Que alimentos le hacen mal a los caballos?
Tabla de contenido
¿Qué alimentos le hacen mal a los caballos?
Estos son los alimentos que no pueden comer los caballos
- Brócoli, brécol y todos los alimentos de esta familia.
- Frutas ricas en agua como la sandía o el melón.
- Manzanas, plátanos, fresas…
- Piensos para ganado.
- Carne.
- Heno envasado.
¿Qué fruta le gustan los caballos?
¿Qué frutas y verduras son buenas para mi caballo?
- Manzana.
- Zanahoria.
- Plátano.
- Fresas, frambuesas, arándanos…
- Melocotón.
- Lechuga.
- Tomate (cuidado con la planta ya que es muy tóxica)
- Pera.
¿Qué le puedo dar a mi caballo?
Es fundamental que la mayor parte de la alimentación de caballos sea forraje, es decir, heno, alfalfa, paja o pasto. Estos son carbohidratos esenciales para su organismo. Lo recomendable es que consuman entre 6 y 9 kg diarios. O el equivalente al 1 o 2 % de su peso corporal en heno.

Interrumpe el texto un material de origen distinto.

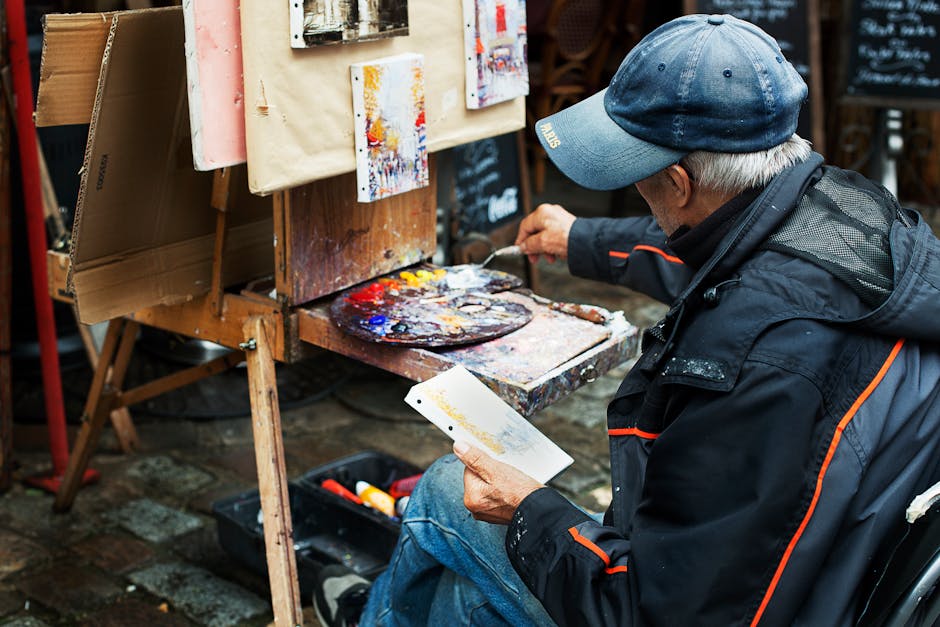 An artist creatively solving a painting challenge on their canvas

¿Qué es la sandía para el caballo?
Es decir, es bueno para la estimulación muscular y el mantenimiento de los huesos del caballo. Sin lugar a dudas, perfecta para el verano, la sandía es otra de las frutas preferidas de los caballos, ¡incluyendo su corteza!
¿Qué alimentos podemos darles a los caballos?
Las frutas y verduras que podemos darles a los caballos, con moderación, son: *Prestar atención a pepitas, huesos y piel: será mejor retirarlos porque pueden ser tóxicos. Por contra, aquellos alimentos a evitar porque les pueden hacer daño, especialmente por dificultar su digestión y propiciar los cólicos, son:
¿Qué frutas y verduras puede ingerir nuestro caballo?
¿Qué otras frutas y verduras puede ingerir nuestro caballo? A grandes rasgos, los caballos pueden ingerir todo tipo de frutas y verduras. Algunos buenos ejemplos son la calabaza, el pepino, la alcachofa o la pera, así como el plátano.
¿Por qué no podemos dar fruta o dulce a nuestro caballo?
La respuesta es sí, pero siempre teniendo en cuenta que no se las podemos dar como «chuchería» o premio de forma recurrente. Si cada vez que vamos a ver a nuestro caballo, le damos una fruta o un dulce con la mano, le estamos inculcando un mal hábito.